Başka, belki de daha iyi bir hayat. "Böyle yaşayamazsın. Yeniden adlandırma farklı yaşamama yardımcı olacak.”
Daha fazla gelir. “Finansman artı turizm gelirindeki değişiklik, vatandaşların yaşam standardında bir artışa yol açacaktır. Beni de etkileyecek."
Zafer duygusu. “Stalingrad zaferi temsil eder. Yat dediğimiz gibi, yüzecek.
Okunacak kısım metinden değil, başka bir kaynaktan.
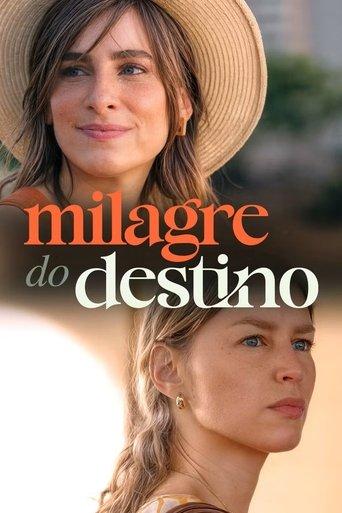 Milagre do Destino film afişi
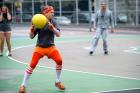 'Obnoxious' LES Kickball League Shortens Games After Complaints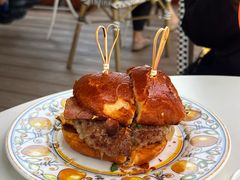 -Alimentari Mulino意大利餐吧&烘焙(丰盛里店)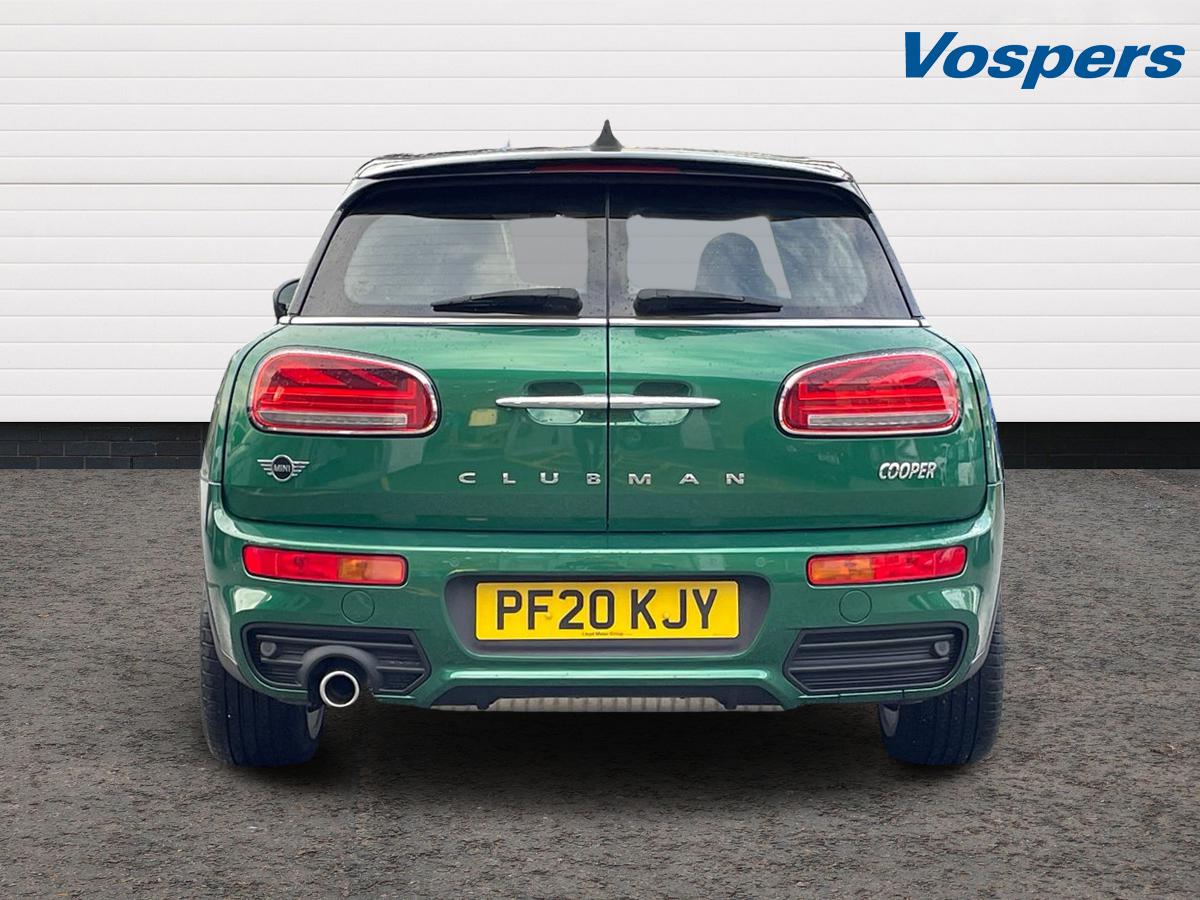 Used MINI Clubman 2020 for sale - 77326266: Photo 7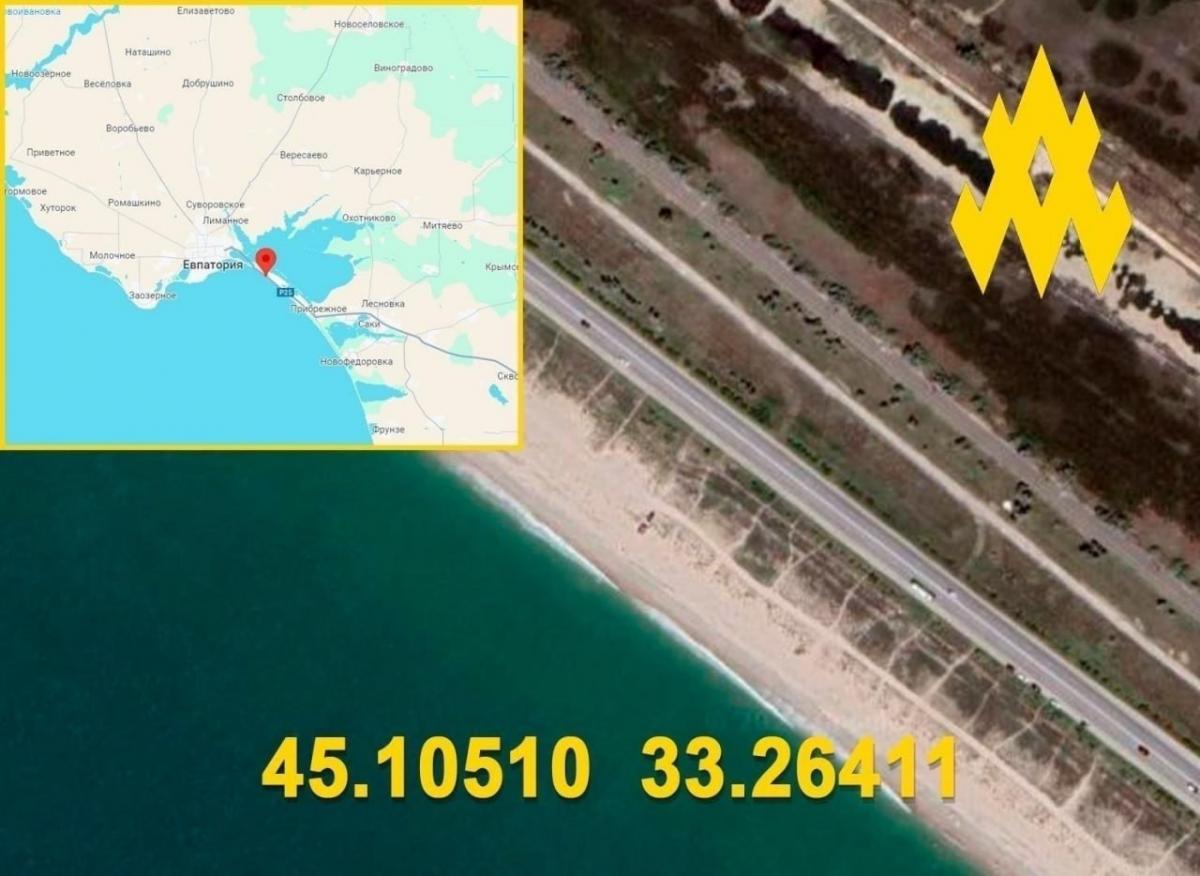 РФ масово нарощує оборонні позиції в Криму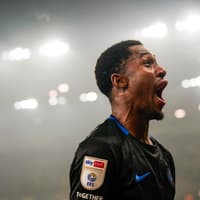 Portsmouth reaping the rewards as flourishing Brentford starlet backed for bright future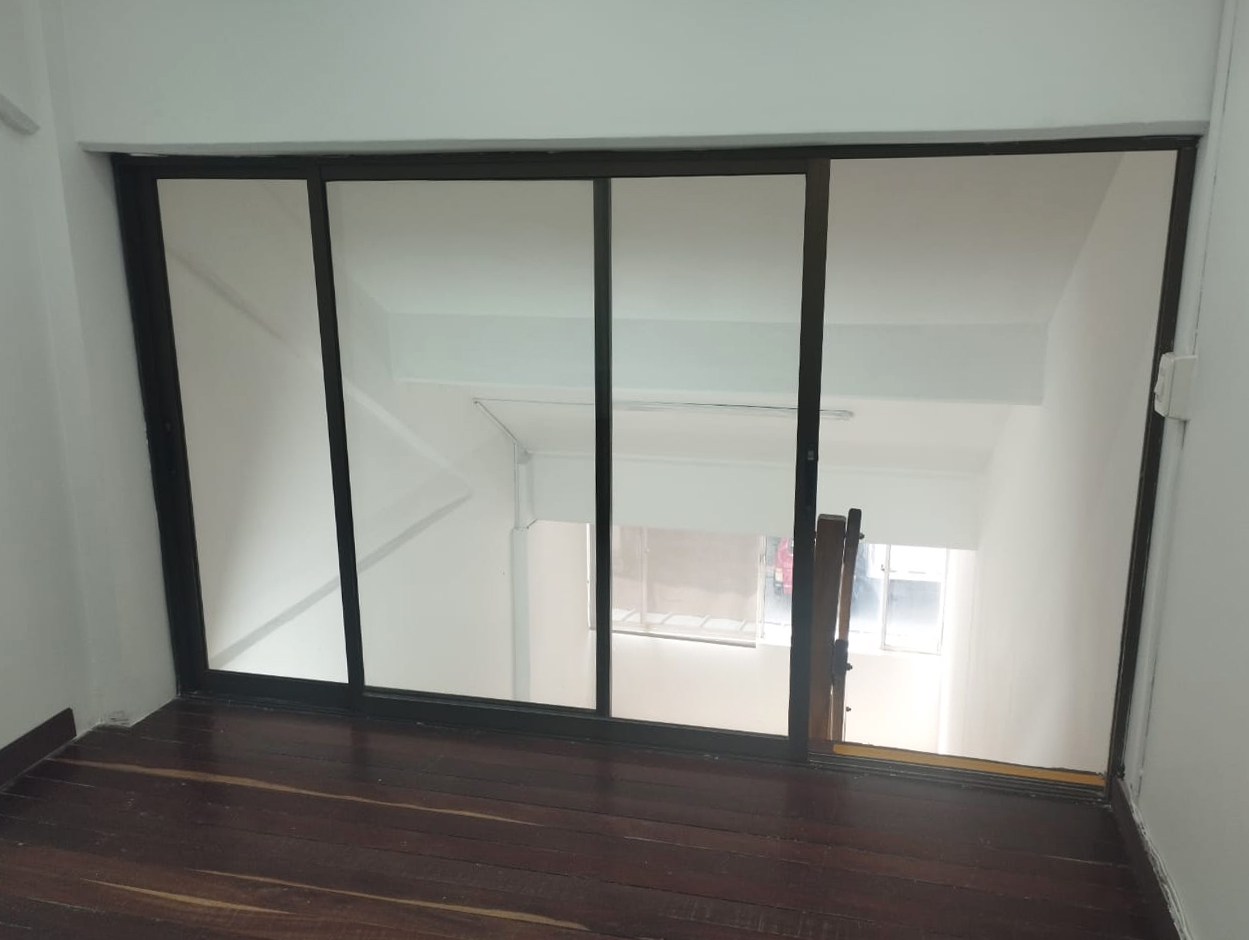Oficina en arriendo en San Diego, Medellín, 30 m² · foto 5 de 13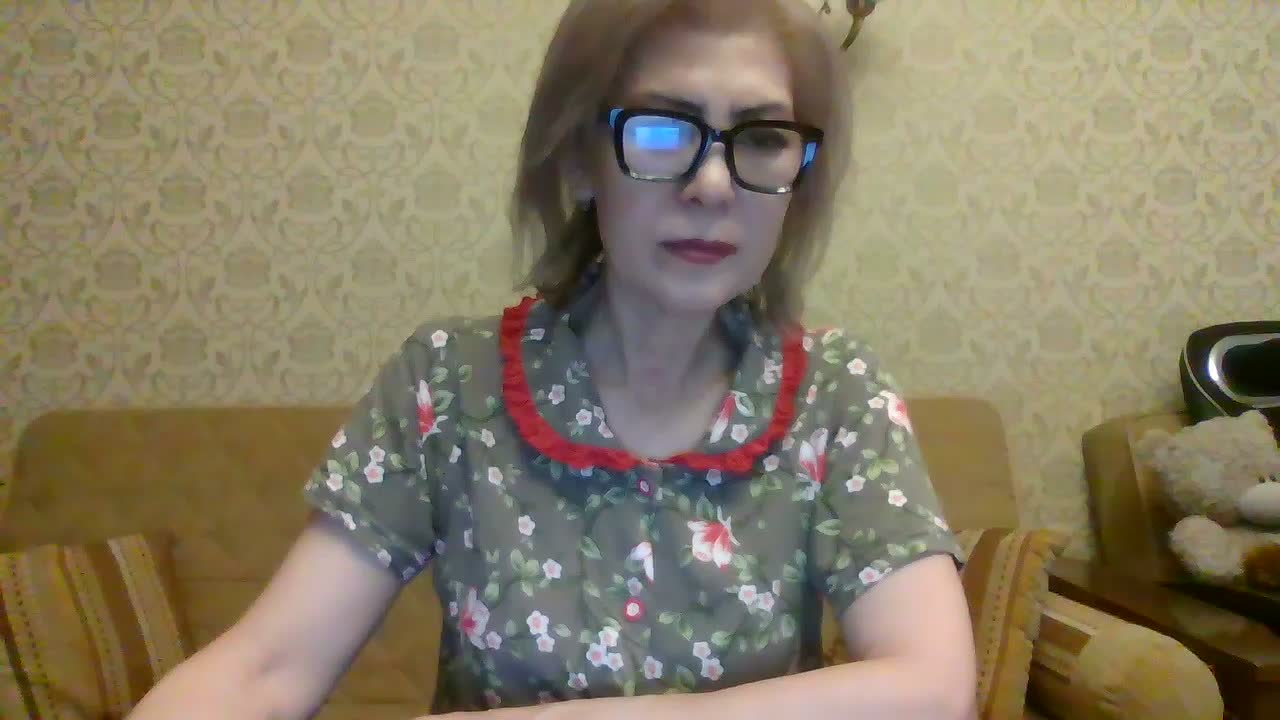 ElegantLady00 Adult Chat July 8, 2026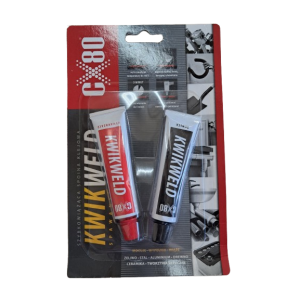 CX-80   KWIK Spawanie na zimno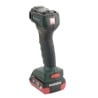 Latarka akumulatorowa Metabo 600788000 12V LED 210lm, 12-pozycyjna głowica, aku 2 Ah + ładowarka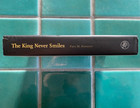 King Never Smiles   A Biography Of Thailand s Bhumibol Adulyadej  P  Handley Hc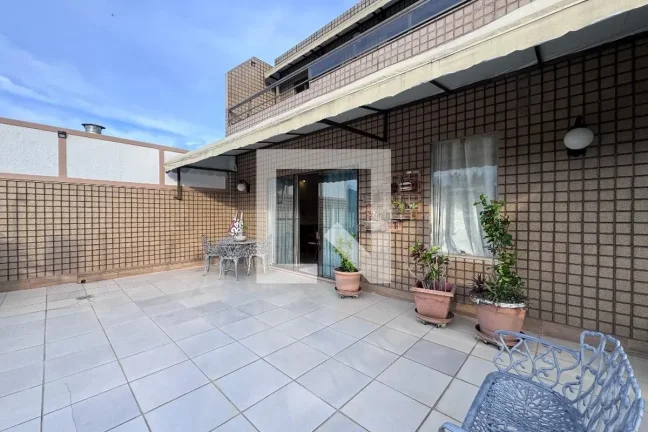 Imagem Apartamento à Venda - Recreio, 3 Quartos, 403 m2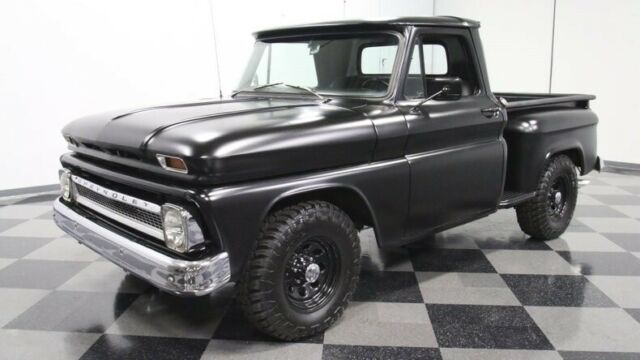1966 Chevrolet C-10 -- - photo 7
Gurur hissi. “Küçük Anavatanımla gurur duyuyorum. Ve bunun bir nedeni var."

Volgograd. Rus ne alacak?
Ek maliyet yok. "Moskova'yı, Çeçenya'yı ve hatta Soçi'yi desteklememek, ama yine de."
İstikrar. “Ülkemiz Narzan değişikliklerinden bıktı. Yeterince deneme."
Stalin yok. Doğrudan konuşma seçenekleri: “Neden Stalin?”, “Ben demokratım ama o değil”, “Stalin'i sevmiyorum”, “Stalin'i gerçekten sevmiyorum”.

Stalingrad. Rus ne alacak?
Rusya halklarının mirasının kazanılması. “Stalingrad ulusal bir hazinedir. Çok zordu ama kolayca sanal hale getirildi. Öyleyse neden onu yeniden keşfetmeyesiniz?"
Sonuç olarak kazanan ruhun geri dönüşü ve birçok bonus. “Gerçekten kazanan bir ruhu canlandırabilirsek, siyasi, ekonomik ve hatta spor yenilgileri serisi sona erebilir. Her şeyi yapabiliriz, pes etmeyeceğiz, en iyisi biziz.”
Turizmin gelişimi. “Stalingrad'a yapılan kitle turizmi, Kuzey Kafkasya tatil beldelerine yapılan kitle turizminden çok daha gerçektir. Hele de konu kitlesel dış turizm olunca.”
Gurur hissi. “Vatanımla gurur duyuyorum. Ve bunun bir nedeni var."

Bu argümanların etrafında birçok nüans var.
Çoğu, Stalin adıyla ilişkilidir. Pek çoğu, Dzhugashvili takma adıyla bu kadar çok olumsuzluk ilişkilendirildiğinde yeniden adlandırma ihtiyacını tartışmanın nasıl mümkün olduğunu anlamıyor. Bu pek çok kişinin muhalifleri, bu ilişkinin neden bağlamın dışına çıkarılmasının yanı sıra, yeterli bir tartışma olasılığını engellemesi gerektiğini soruyor?
"Benzetme yoluyla" nüanslar var.
Kocasının öldürülmesine karışan, uçsuz bucaksız bir ülkenin tüm köylülerini fiilen köleleştiren ve ayaklanmaları vahşice bastıran İkinci Katerina'nın adı neden büyük bir şehrin adını girdi, ama "Rusya'nın Adı" adaylığında çok daha başarılı rakibi - hayır?
Veya neden şimdi tam olarak Alman Nazilerinin istediği gibi adlandırılan Petersburg var ve Nazizmin "uzun yaşamasının emredildiği" bir Stalingrad yok?
Astrakhan veya Saratov eyaletlerinin ilçe kasabasından sonra milyonluk güçlü bir şehre isim verme arzusunun sayısız taşıyıcısı gibi, “neden Tsaritsyn'e değil de Stalingrad'a?” Adlı “kötü olandan” bir görev nüansı var. bilinmektedir.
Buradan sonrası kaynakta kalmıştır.